Cette perte de ses citoyens blancs les plus purs arrête-t-elle un instant Rome naissante ? L’histoire est là pour répondre. Le Latium d’abord, les Lucumons ensuite, puis l’Italie entière, y compris les Galls de l’Ombrie, tombent tour à tour sous sa loi. La Rome étrusque est devenue la Rome italiote. — M. de Gobineau trouve ces progrès tout simples ! Avec sa théorie, ils sont au contraire inexplicables. Puisque la population romaine était le résultat du croisement de toutes ces races, puisqu’elle n’avait reçu aucun élément particulier propre à la relever, elle était ethniquement moins pure que chacune des nations qu’elle attaquait. Or nous voyons cette population, de plus en plus mélangée, acquérir chaque jour des forces nouvelles, devenir irrésistible, et quand elle se mesure avec les fils des Roxolans eux-mêmes, avec ces Germains placés si haut dans l’esprit de l’auteur, c’est encore elle qui l’emporte. — Le croisement a-t-il eu ici de bons ou de mauvais résultats ? a-t-il produit une race supérieure ou inférieure ? Je laisse le lecteur lui-même répondre à ces questions.

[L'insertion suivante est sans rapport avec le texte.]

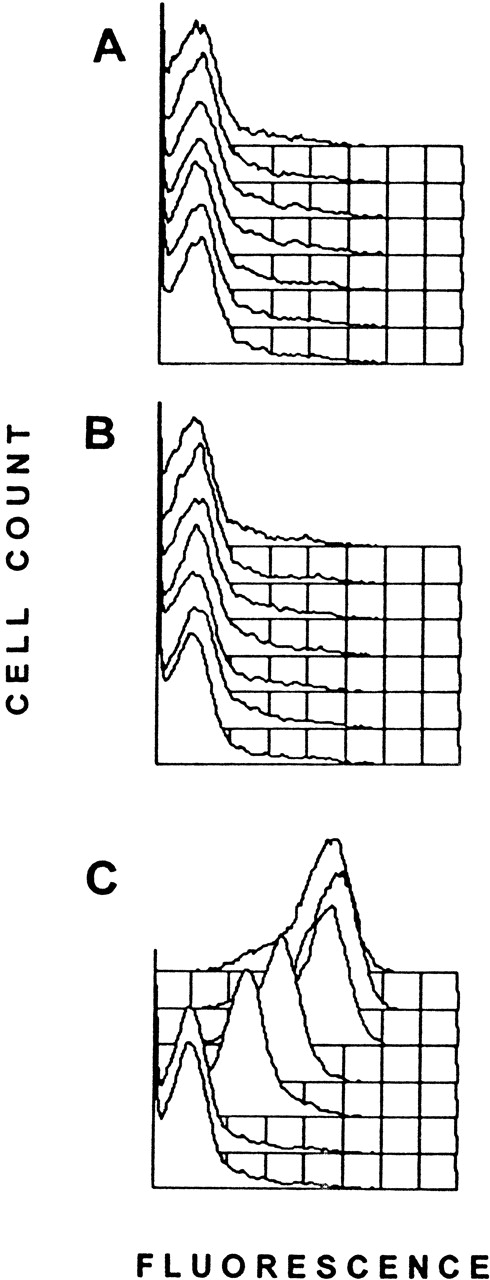 Fig. 1. IgG antidonor antibody production in BALB/c mice with weekly transfusions of 106 allogeneic platelet-pulsed BALB/c APC. / Each panel represents overlaid fluorescence histograms of C57BL/6 WBC incubated with sera (1:25 dilution) from a representative transfused mouse and labeled with FITC-goat antimouse IgG. The front histogram in each panel represents the prebleed serum, and each of the subsequent histograms are consecutive transfusions (weeks 1-6). A shift of the fluorescence to the right represents presence of antibody. (A) 106 unpulsed BALB/c APC transfused into BALB/c recipients. (B) 106 BALB/c platelet-pulsed APC transfused into BALB/c recipients. (C) 106 C57BL/6 platelet-pulsed APC transfused into BALB/c recipients.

La force d’expansion régulière et contenue, la puissance d’assimilation ne sont-elles pas les caractères d’une race profondément énergique et d’une civilisation puissante ? Et pourtant c’est tout au plus si M. de Gobineau trouve une nation dans Rome, c’est à peine s’il accorde qu’il y ait eu une civilisation romaine ! Dans la première, il voit à chaque instant les élémens sabins, sicules, grecs ou gaulois, et leur fusion, si évidente pourtant, lui échappe sans cesse. En parlant de la seconde, il dit volontiers la culture romaine. Il lui reproche tout, hommes et choses, et je ne vois pas qu’il ait rien trouvé à louer. Mais alors, pourrait-on demander, comment se fait-il.que Rome ait pu grandir ? comment se fait-il même qu’elle ait pu vivre ? Cette question, l’auteur n’a pas songé à la poser, et en vérité, pour qui regarde les mélanges ethniques comme dégradant et abaissant nécessairement l’espèce humaine, la réponse était difficile.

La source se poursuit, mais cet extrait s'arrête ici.